Cinema com Rapadura

OPINIÃO   segunda-feira, 17 de abril de 2017

Vida (2017): sobrevivendo ao encontro

Com uma profusão de referências, que vão de "Alien", "Gravidade" e até "A Bolha Assassina", o longa é bem-sucedido na criação do suspense e terror, porém esbarra na falta de carisma de seus protagonistas e falha em texto simplório.

Existe vida fora da Terra?“, a grande e velha pergunta que permeia toda a história da humanidade vêm recheada de esperança, angústias e medo. Em “Vida”, obtemos rapidamente a resposta para a pergunta primordial, porém, o filme nos propõe outra beligerante questão: será que estamos preparados para este encontro?

Em uma estação espacial internacional – muito parecida com a ISS que temos hoje – seis astronautas recebem uma cápsula, vinda de Marte, contendo uma carga extremamente especial: uma célula viva, que comprova a existência de vida extraterrestre. Recebida com alegria e até batizada por crianças da Terra com o simpático nome de Calvin, a forma de vida evolui rapidamente para uma alga (ou parecido, pelo menos). Após um acidente com a caixa de contenção, a criatura se vira contra os humanos e, a partir daí, começa um jogo de gato e rato pela sobrevivência… de ambos.

Apesar da familiaridade da trama, a forma como o roteiro trata a questão de que a criatura quer sobreviver, tanto quanto a tripulação, humaniza a história e a enriquece.

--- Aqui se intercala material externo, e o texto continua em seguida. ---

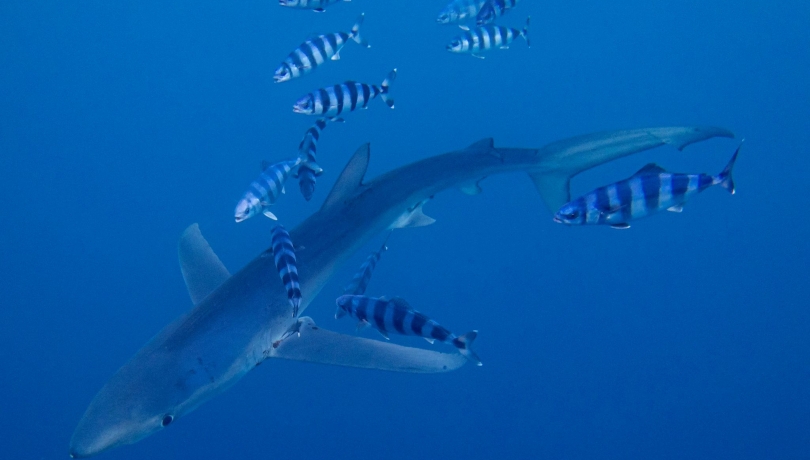 Cambios en la productividad debidos al cambio climático o la presión pesquera podrían acabar modificando las relaciones tróficas/David Jara.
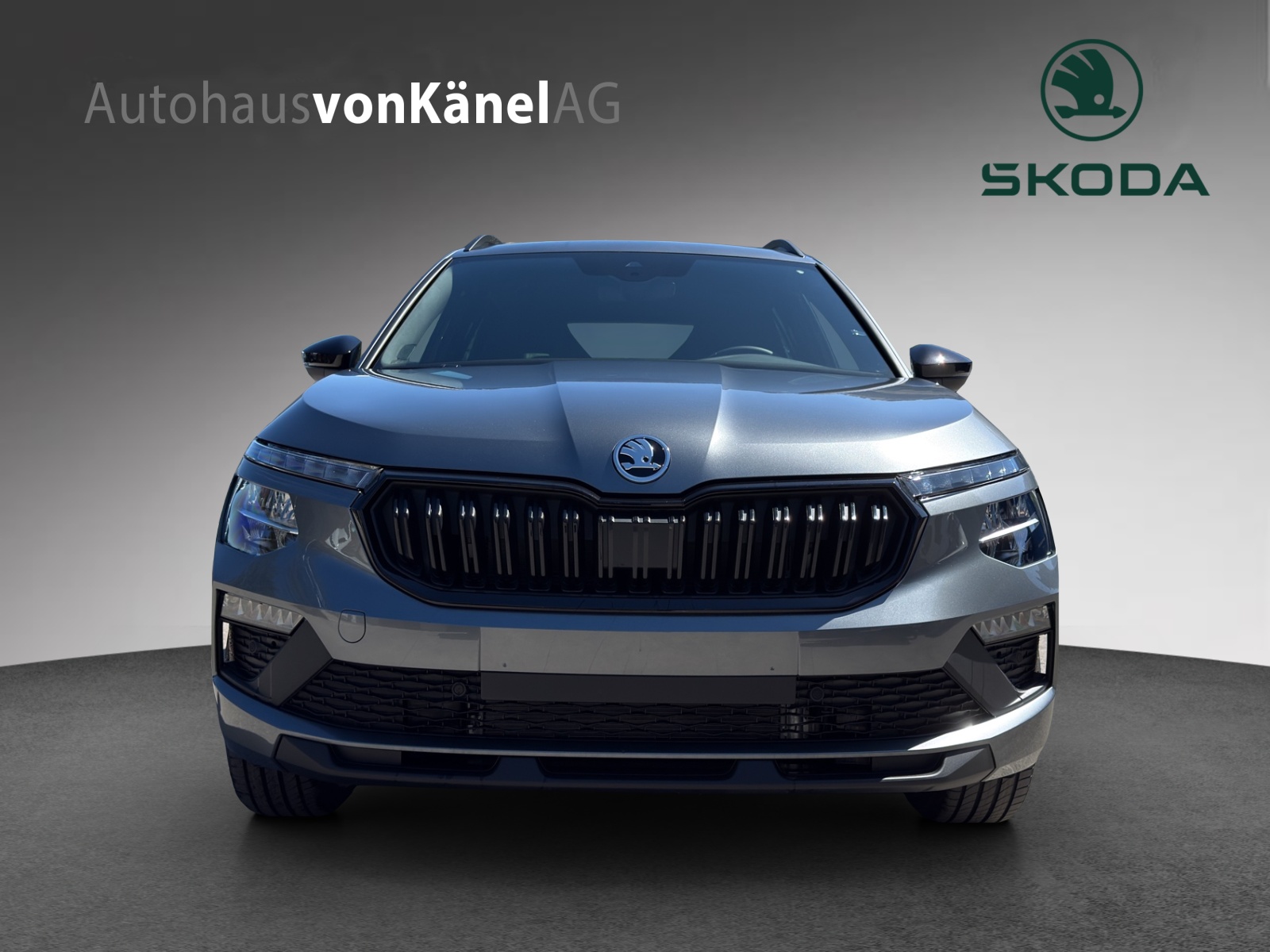 SKODA Kamiq 1.0 TSI Dynamic DSG-showroom-element-3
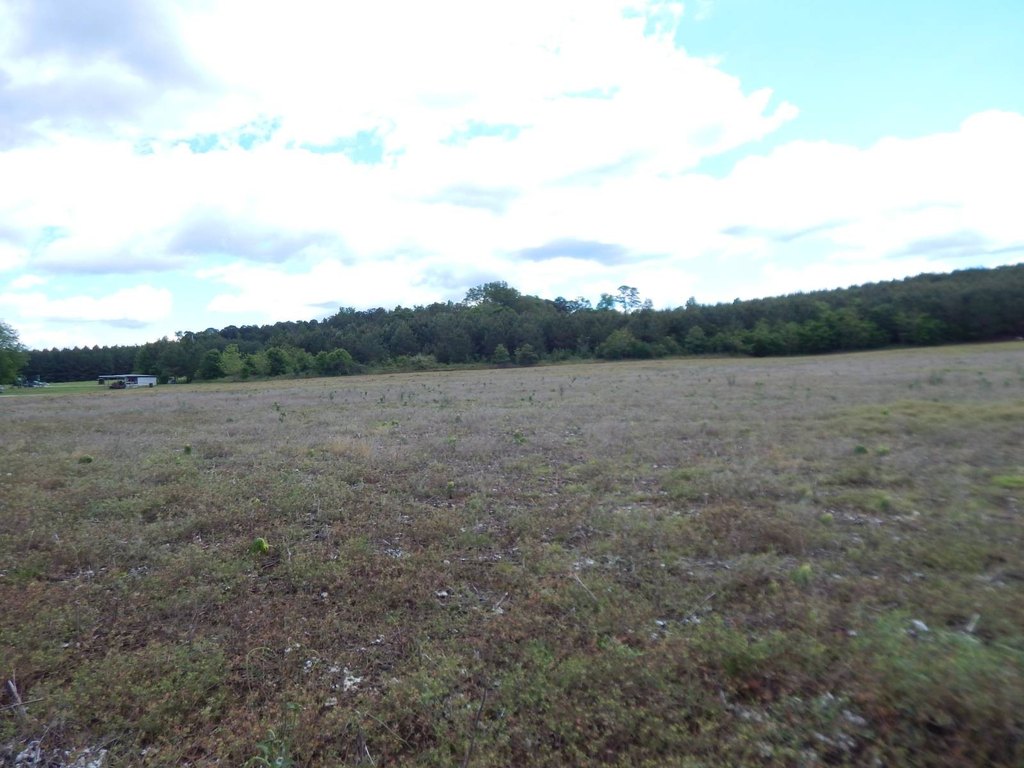 Picture 24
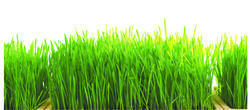 Wheat Grass Powder - Premium Quality, Authentic Ingredients for Optimal Nutrition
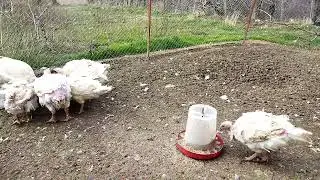 Что же мы опять затеяли??? /
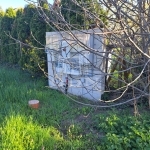 Balatonkenese 土地 7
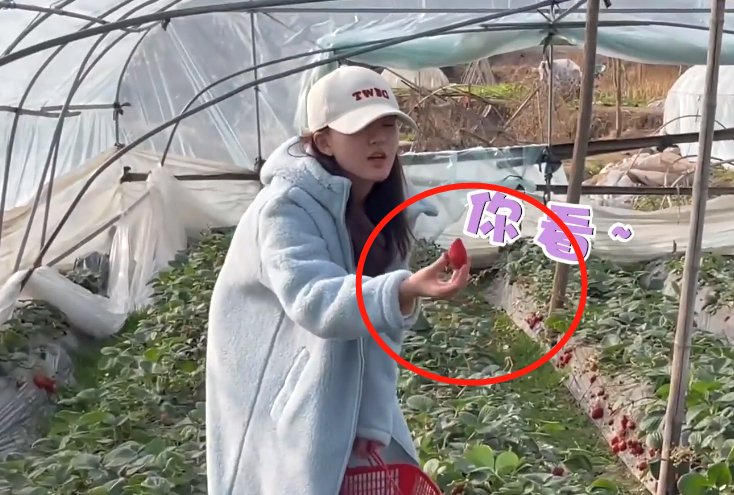 赵露思脱鞋吃草莓,谁看到她袜子的颜色了?网友直呼:“确定这是女明星?”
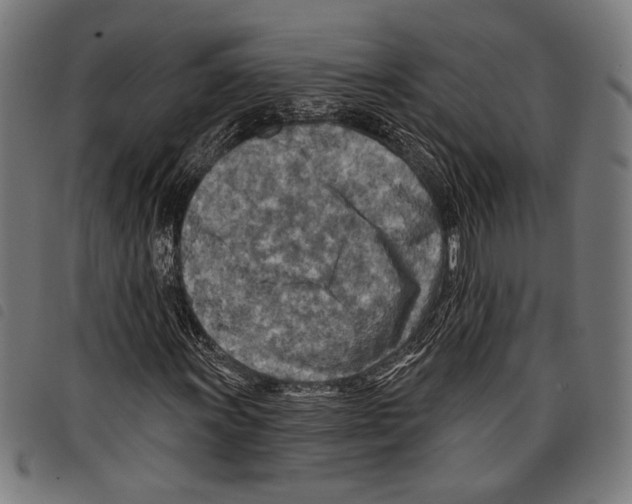 X0000097771011200804041147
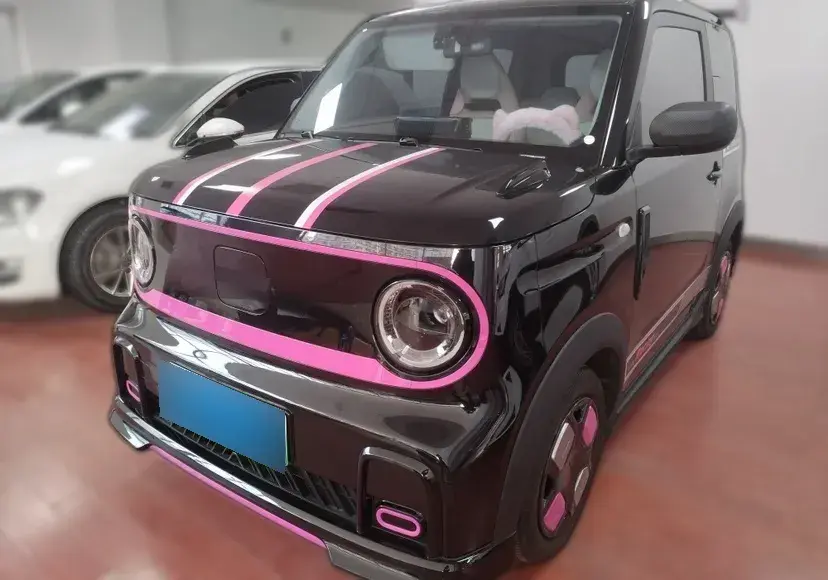2024 Geely Panda BEV 17.03KWH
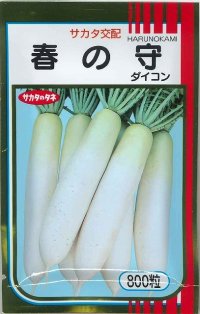 送料無料　[大根]　春の守　800粒　(株)サカタのタネ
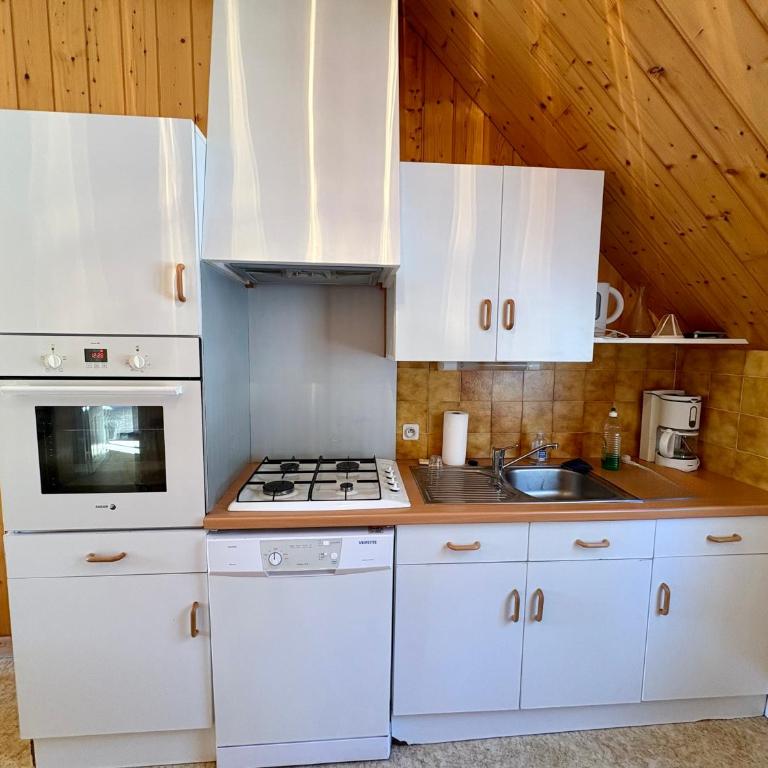 Villa Prairie Mont-Dore Appartements - Apartment mit 1 Schlafzimmer - 11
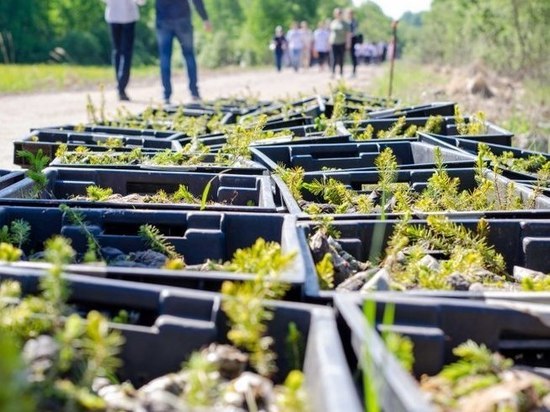 29 тысяч саженцев в рамках проектам «Зелёная область» высадили под Псковом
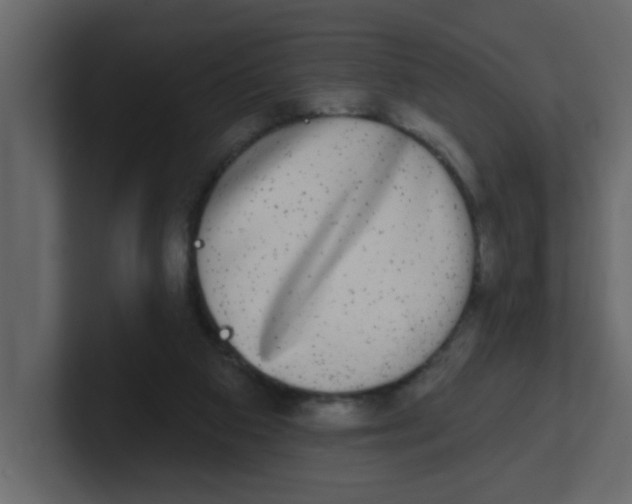 X0000100910113200807151147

Por outro lado, é bastante falha a tentativa de fabricar uma conexão do expectador com os personagens. Cenas gratuitas de nascimentos, livros infantis e até a deficiência física de um deles, soam absolutamente forçadas e fora de contexto. Em um momento de extremo suspense, por exemplo, com a criatura rondando o ambiente em que os astronautas estão confinados, o filme praticamente pausa para contar uma história desinteressante sobre o background de um dos coadjuvantes.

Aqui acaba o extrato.